ABITECH Analysis · Nigeria finance Sentiment: 0.60 (positive) · 26/03/2026
The Central Bank of Nigeria (CBN) has made a strategic pivot in its monetary policy stance, cutting interest rates across multiple tenors at its March 25, 2026 Treasury Bills auction. This move signals a fundamental shift in Nigeria's liquidity landscape, with excess cash exceeding N8 trillion (approximately €9.7 billion) flooding the financial system. For European investors operating in or exposed to Nigerian markets, this development carries significant implications for returns, currency stability, and medium-term economic outlook.

**The Liquidity Context**

Nigeria's banking system is drowning in liquidity—a reversal from the chronic cash shortages that plagued markets just 18 months ago. This surplus stems from multiple sources: recent external borrowing by the federal government, improved crude oil export proceeds, and subdued private sector credit demand. When banks have excess reserves and few profitable lending opportunities, they park capital in short-term government securities. The CBN, recognizing this dynamic, has opted to reduce yields rather than allow money market rates to collapse organically—a technocratic approach aimed at maintaining market discipline while acknowledging reality.

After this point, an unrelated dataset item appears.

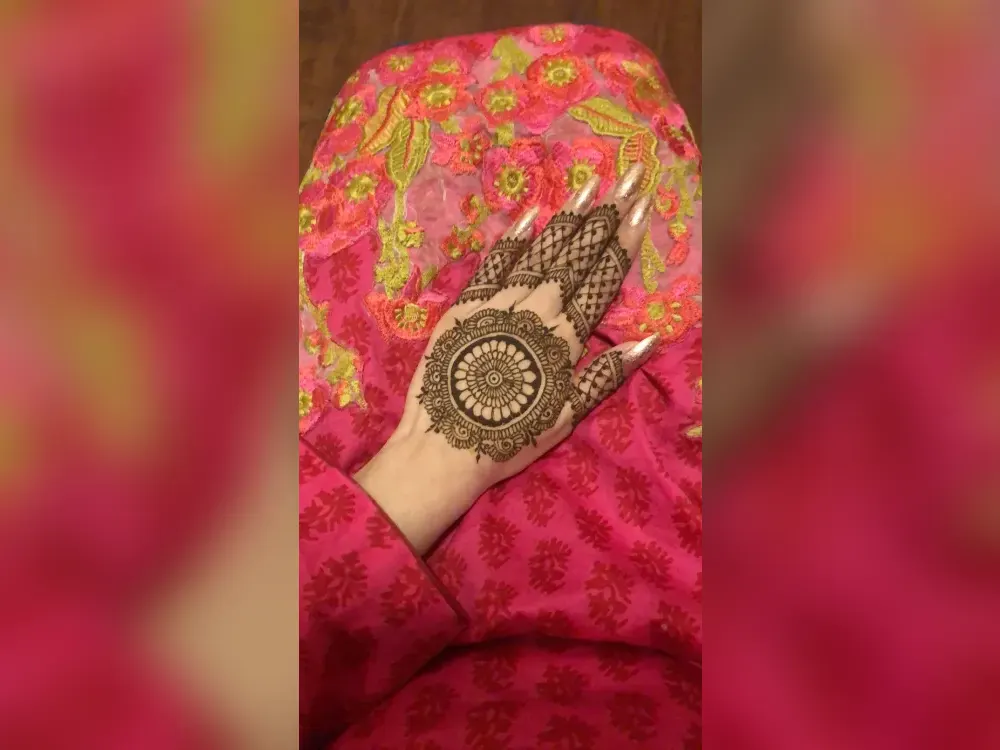 Deep, dark reddish-brown henna stain at peak colour on a hand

**What the Rate Cuts Mean**

By reducing yields on Treasury Bills at this auction, the CBN is essentially lowering the opportunity cost of holding naira. This creates a dual challenge for international investors: Nigerian short-term fixed-income instruments become less attractive on a standalone basis, yet the move signals confidence in naira stability going forward. The CBN's willingness to cut rates despite inflation concerns (which remain elevated year-on-year) suggests confidence that the liquidity glut is structural and sustainable, not a temporary phenomenon.

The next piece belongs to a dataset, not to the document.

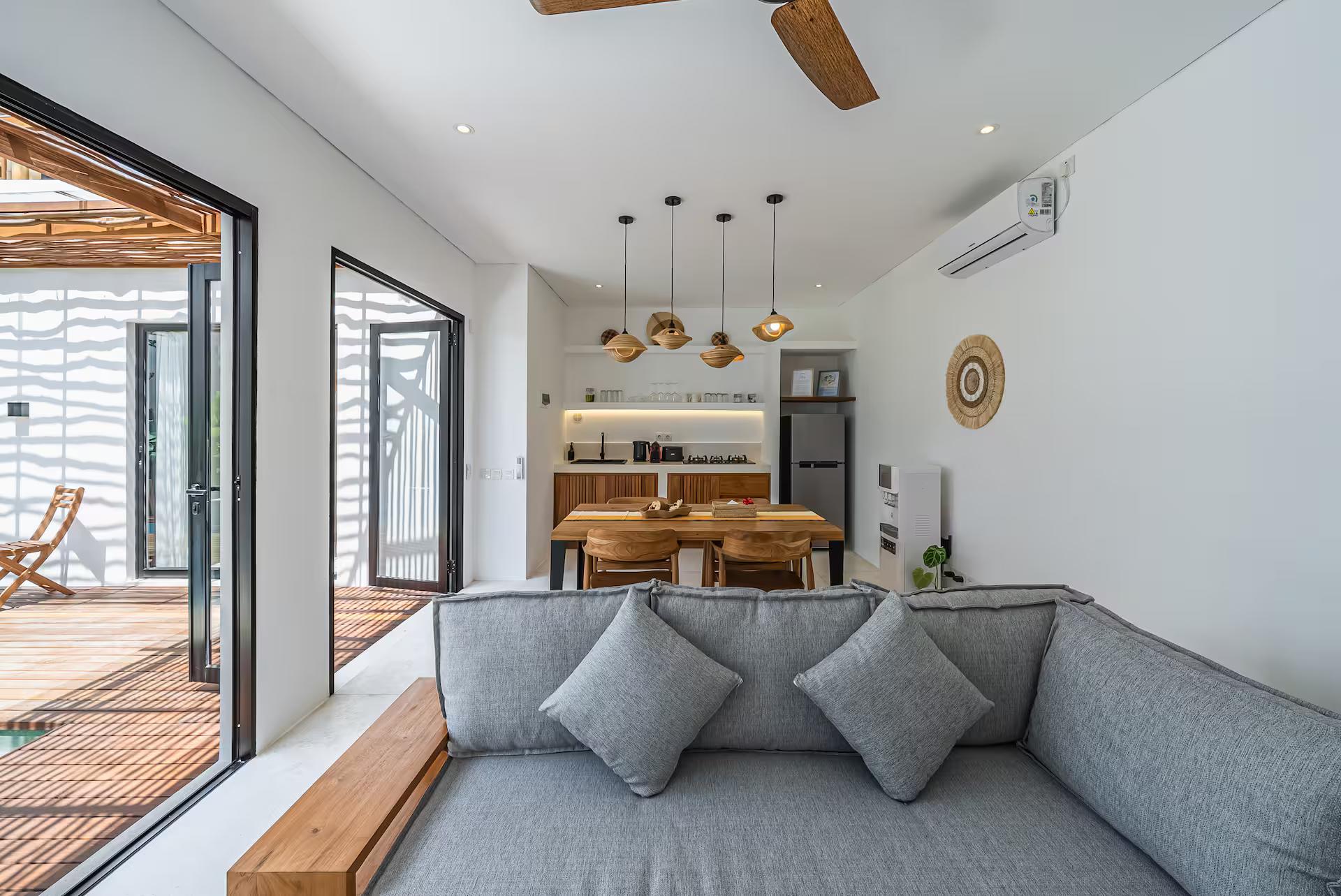 Open-plan lounge with a deep grey sofa, sliding glass folded back onto the pool deck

**Market Implications for European Investors**

For European institutional investors, this development reshapes the risk-reward calculus for Nigerian exposure. The naira has stabilized considerably over the past year, and lower Treasury Bill yields reduce the need for aggressive currency depreciation hedging. However, the attractiveness of Nigerian fixed income as a diversification play diminishes. Money market funds and short-duration bond strategies—historically popular among European asset managers seeking higher yields in emerging markets—will need to extend duration or rotate into equities to maintain target returns.

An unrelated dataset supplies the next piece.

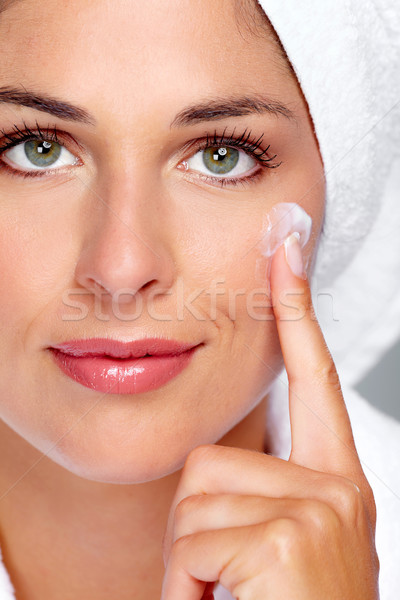 Beautiful woman face with moisturising  cream. Stock photo © Kurhan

Conversely, this creates opportunities for equity-focused investors. Lower rates typically precede equity market rallies, as companies benefit from reduced funding costs. The Nigerian Exchange (NGX) has already shown resilience this year, with banking and consumer stocks outperforming. European investors with a 2-3 year horizon may find better value in Nigerian equities than in government debt at these newly compressed yields.

**Currency Dynamics and Corporate Exposure**

The naira, currently trading around 1,540 per US dollar, has benefited from the liquidity influx and CBN discipline. However, the downward pressure on yields could eventually incentivize capital outflows if global rates remain elevated. European firms with operational exposure to Nigeria—particularly in telecoms, manufacturing, and retail—should monitor whether this liquidity-driven stability persists or proves ephemeral once external conditions shift.

**Forward Outlook**

This rate-cutting cycle likely continues through mid-2026, assuming oil prices remain resilient and external inflows persist. The real risk emerges if global recession fears spike, triggering capital flight from emerging markets. For now, the CBN has bought time and stability—but European investors should position portfolios accordingly, favoring longer-duration assets and equity exposure over short-term fixed income.
Gateway Intelligence

European investors should consider rotating exposure from Nigerian Treasury Bills (now yielding sub-12% on short tenors) into Nigerian equities, particularly banking sector stocks trading at 8-10x forward earnings—a 300-400bp premium to global peers but justified by 15%+ ROE. Simultaneously, hedge naira exposure for corporates with 12+ month operational runways; the currency stability is real but rate differentials may erode by Q4 2026. Risk: oil price collapse below $60/barrel would reverse the entire liquidity narrative within weeks.